[STORED DATA]:

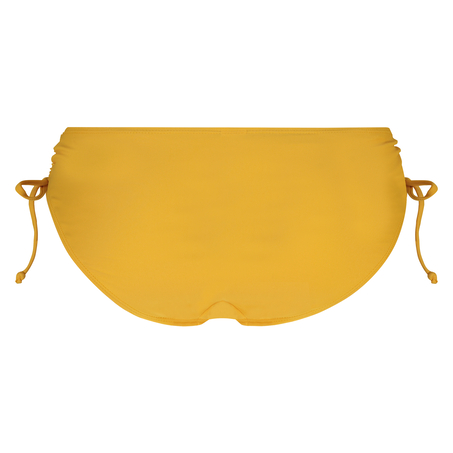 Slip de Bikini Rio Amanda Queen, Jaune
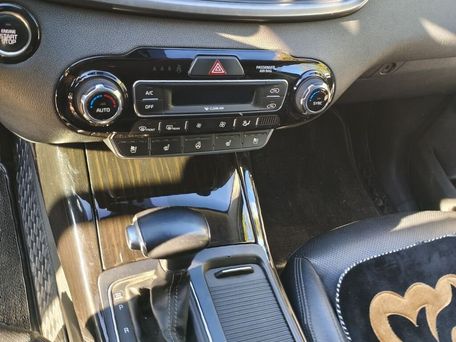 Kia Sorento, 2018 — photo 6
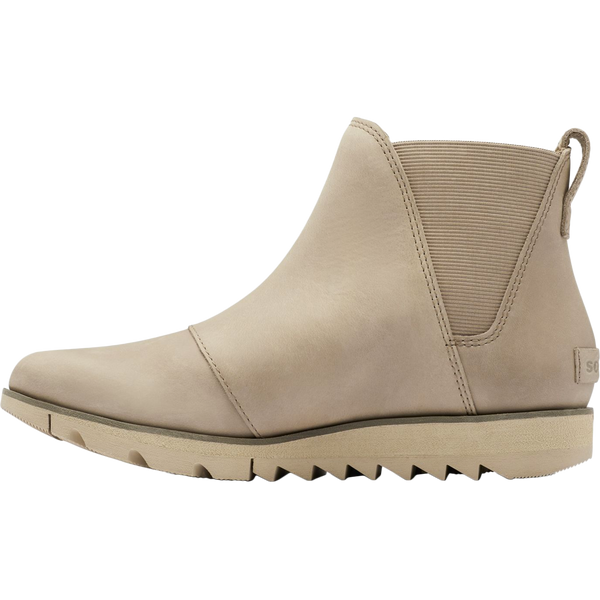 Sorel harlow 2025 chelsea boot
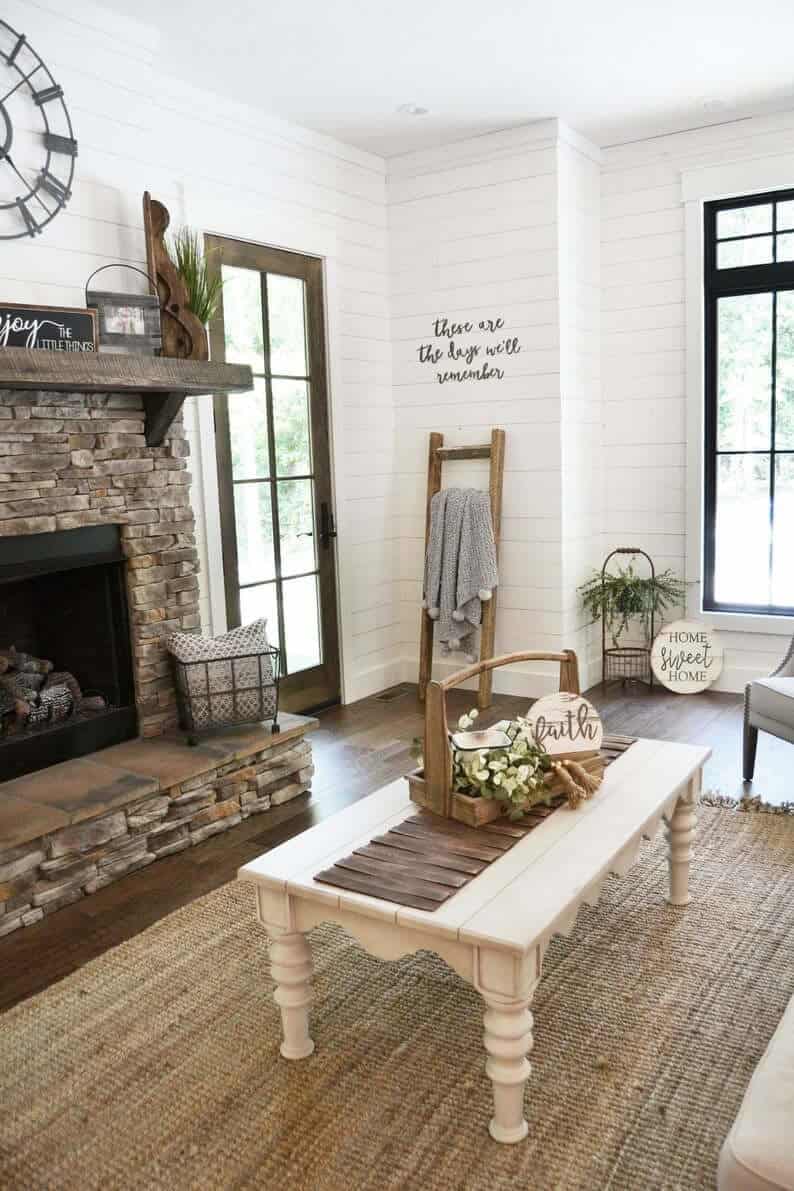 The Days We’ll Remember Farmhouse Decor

[AIM OF THE EXERCISE]: With the pictures removed, repeat the listing above exactly as it stands.

[TASK RESULT]:
 Slip de Bikini Rio Amanda Queen, Jaune
 Kia Sorento, 2018 — photo 6
 Sorel harlow 2025 chelsea boot
 The Days We’ll Remember Farmhouse Decor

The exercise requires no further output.